Sometimes when I first open a new cookbook, there’s something that quickens my pulse, makes me hungry, and makes me want to cook. With my review copy of East: 120 Vegan and Vegetarian Recipes from Bangalore to Beijing by Meera Sodha, it was the chapter devoted to tofu. A whole chapter, just for tofu! That’s not so surprising given that this is a plant-focused cookbook based on Sodha’s vegan column for the Guardian. But, I like tofu, and it was exciting to see it used in several dishes here. The book is vegetarian rather than strictly vegan since it expands on what she has written for the column, and the dishes are inspired by flavors from South, East, and Southeast Asia.

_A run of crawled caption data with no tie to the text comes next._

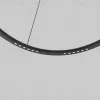 Подвесная люстра Italline IT013-6022 black 3000K IT013-6022 black 3000K - 3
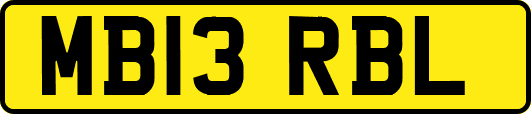 MB13RBL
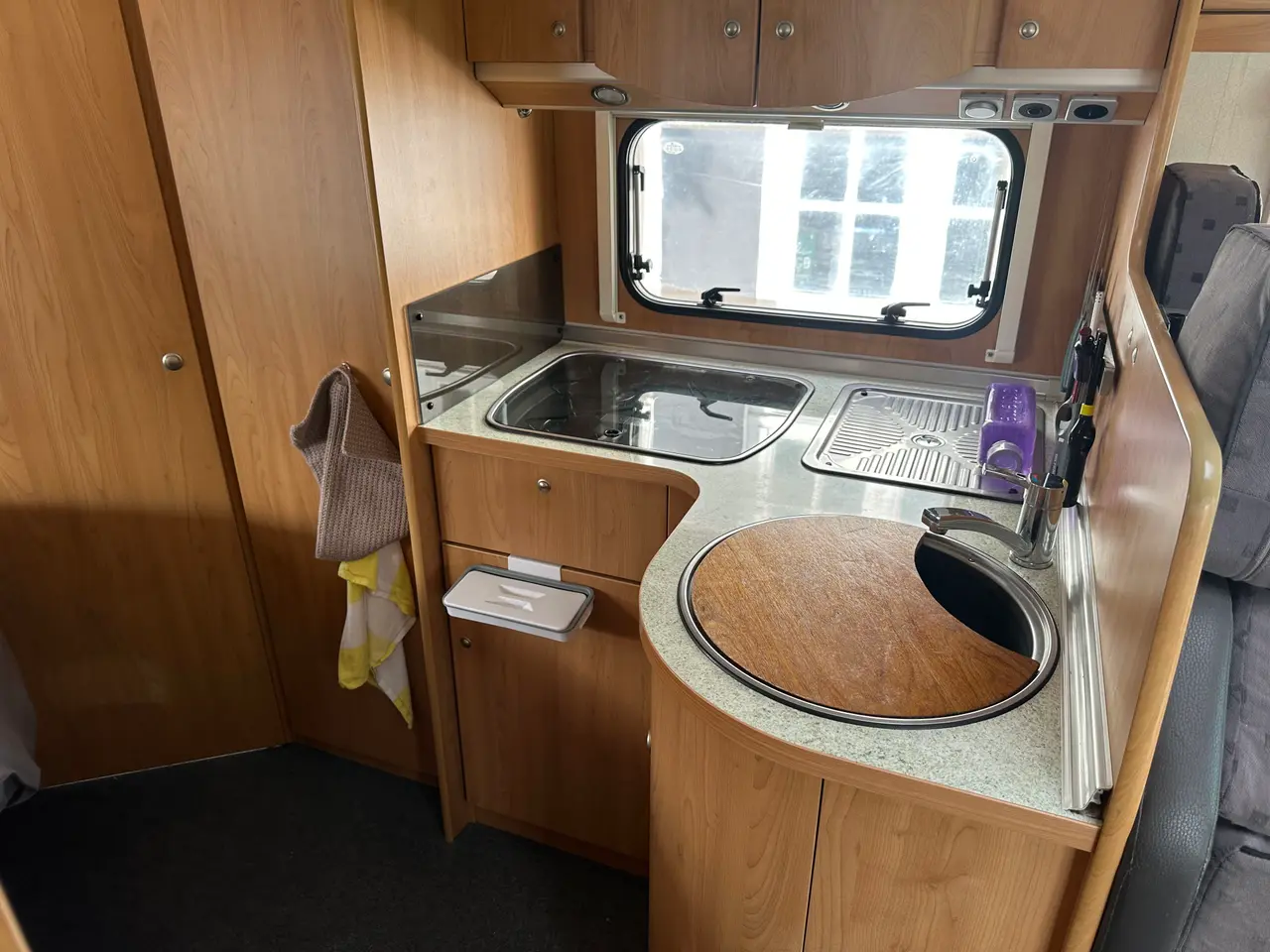 Billede 6 - Dejligste autocamper
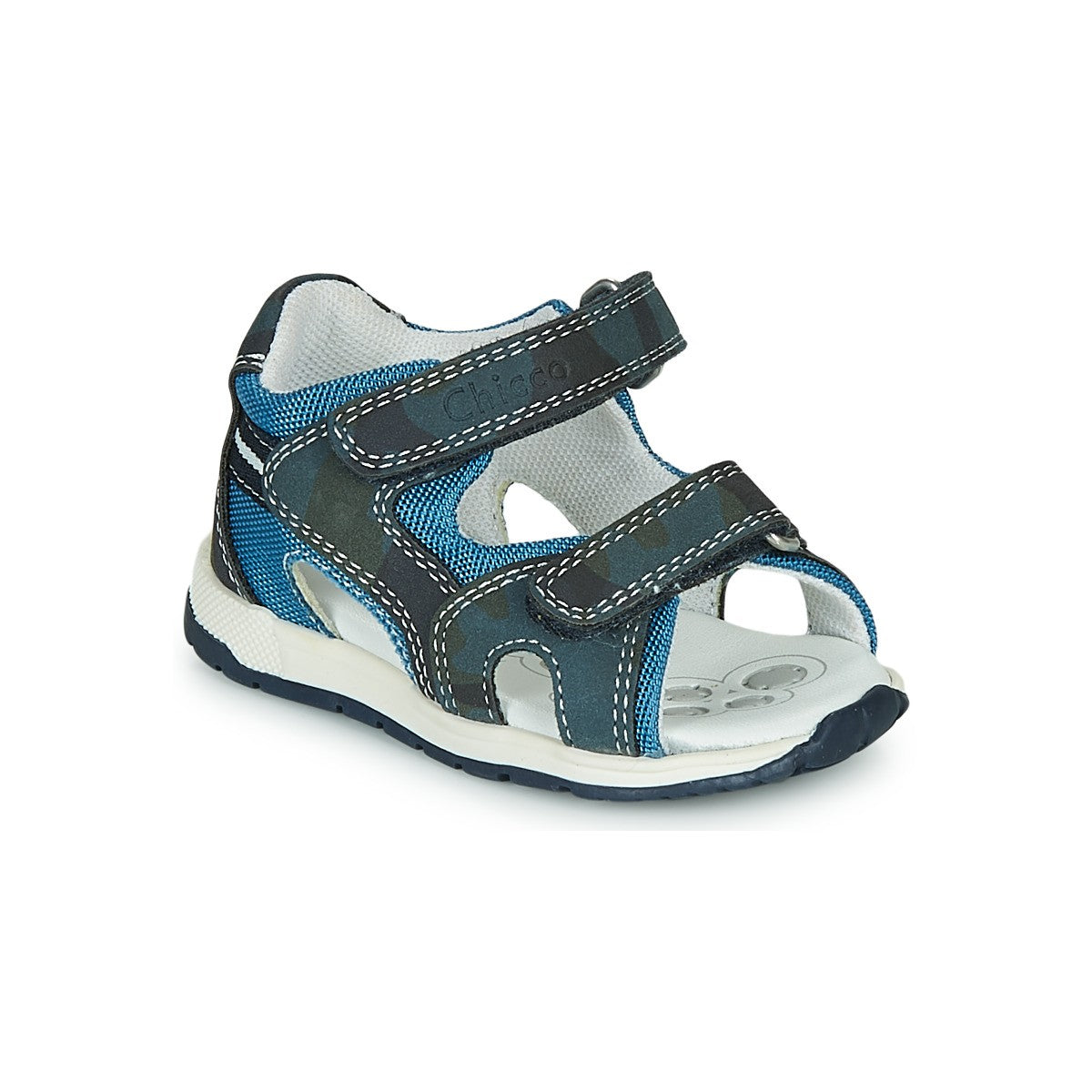Sandália Geremia Blue Camouflage - Chicco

It’s intended to be a practical cookbook for getting meals on the table in a reasonable amount of time. The tofu chapter grabbed my attention first, but to be honest I want to make just about everything in every chapter. The Snacks and Small Things chapter has Celery and Peanut Wontons with Chile Soy Sauce that are simply boiled before being topped with sauce, and the Potato Dosa with Pea and Coconut Chutney looks crispy and delicious. Among the noodles, the Mouth-Numbing Noodles with Chile Oil and Red Cabbage and Food Court Singapore Noodles are on my short list. There are curries for every season, and the summery Thai Green Curry with Eggplant, Zucchini, and Snow Peas will be in my warm weather plans. From the rice dishes, I tried the Brussels Sprouts Nasi Goreng right away and loved the marinated, sliced Brussels sprouts on top. One of the other first things I made from the book was, of course, a tofu dish. The Honey, Soy, and Ginger Braised Tofu was sweet and spicy. Some others I’ll try soon are the colorful Chile Tofu with sweet peppers and chiles and the Spring Vegetable Bun Cha with pickled cabbage. There are also chapters for legumes, sides, condiments, and sweets, but I want to tell you more about a dish from Salads. 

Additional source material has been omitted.